Return all the data verbatim but without images.

GIVEN RECORDS
━━━━━━━━━━

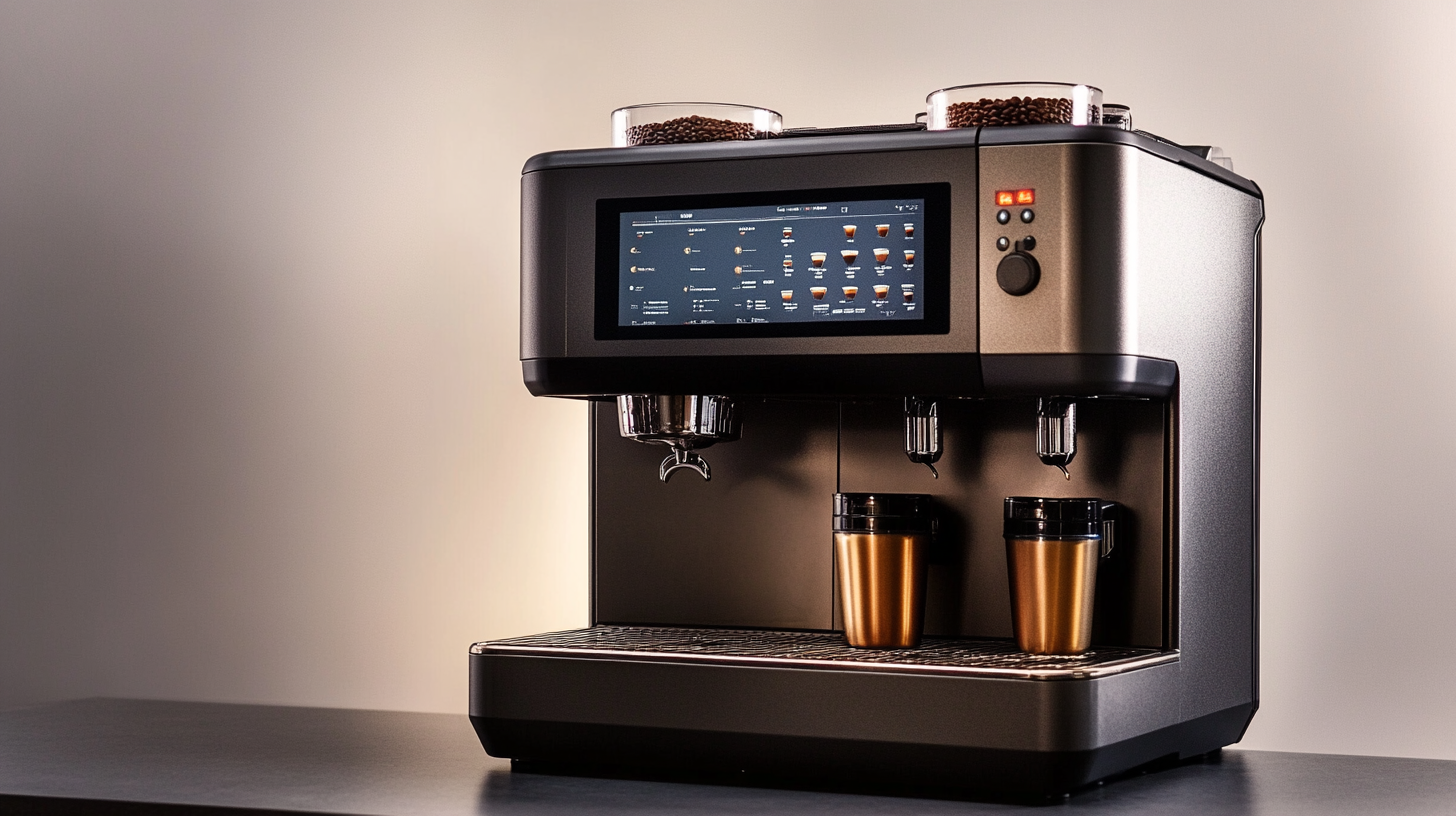 2025 Global Trends in Commercial Coffee Machines with Five Key Insights for Buyers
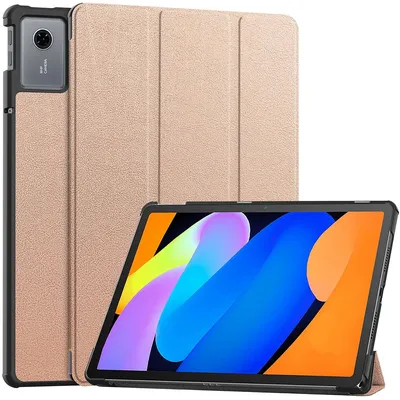 Produktbild von Schutzhülle für Lenovo Idea Tab 11, Bizon Case Tab Croc, Rosegold
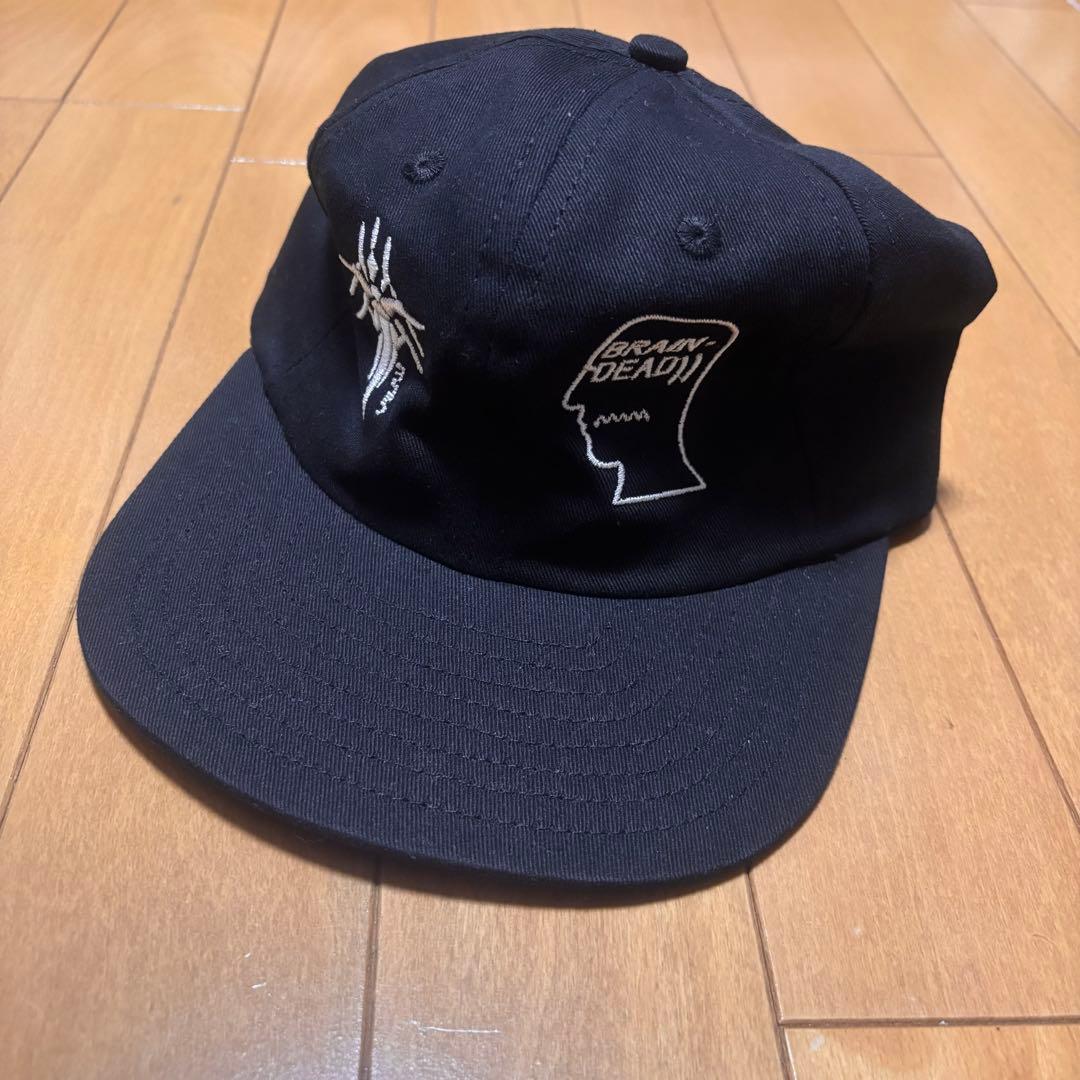 帽子 Brain Dead x DEATH STRANDING 2 CAP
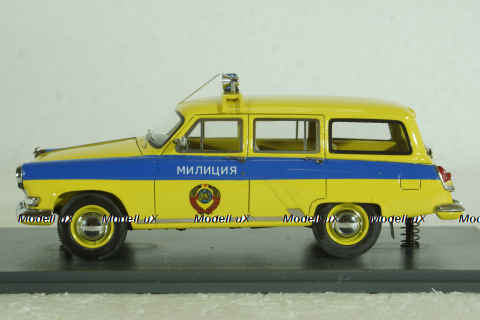 Газ-М22 Волга, ГАИ Милиция СССР 1970г., 44442, NEO 1:43
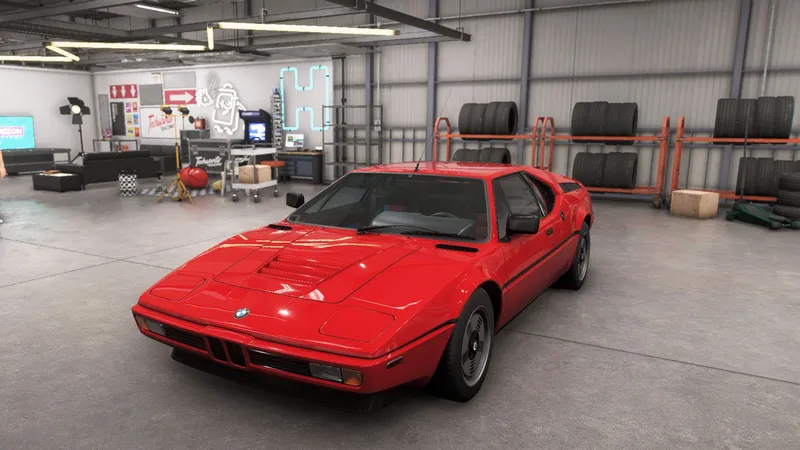 《ForzaHorizon6》全宝藏车辆位置汇总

━━━━━━━━━━

SOLUTION
 2025 Global Trends in Commercial Coffee Machines with Five Key Insights for Buyers
 Produktbild von Schutzhülle für Lenovo Idea Tab 11, Bizon Case Tab Croc, Rosegold
 帽子 Brain Dead x DEATH STRANDING 2 CAP
 Газ-М22 Волга, ГАИ Милиция СССР 1970г., 44442, NEO 1:43
 《ForzaHorizon6》全宝藏车辆位置汇总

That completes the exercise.